Only one stretch of the listing below is wanted: the line with "Gray Lizard at sunset Button (Front)" and all lines after it. Reproduce that stretch exactly.

#### DATA SEGMENT:
--- START ---
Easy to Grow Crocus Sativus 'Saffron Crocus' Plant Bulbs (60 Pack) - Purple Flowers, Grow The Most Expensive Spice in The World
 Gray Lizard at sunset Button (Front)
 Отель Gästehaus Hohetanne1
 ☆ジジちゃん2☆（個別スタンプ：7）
--- END ---
#### RESULT OF THE EXERCISE:
 Gray Lizard at sunset Button (Front)
 Отель Gästehaus Hohetanne1
 ☆ジジちゃん2☆（個別スタンプ：7）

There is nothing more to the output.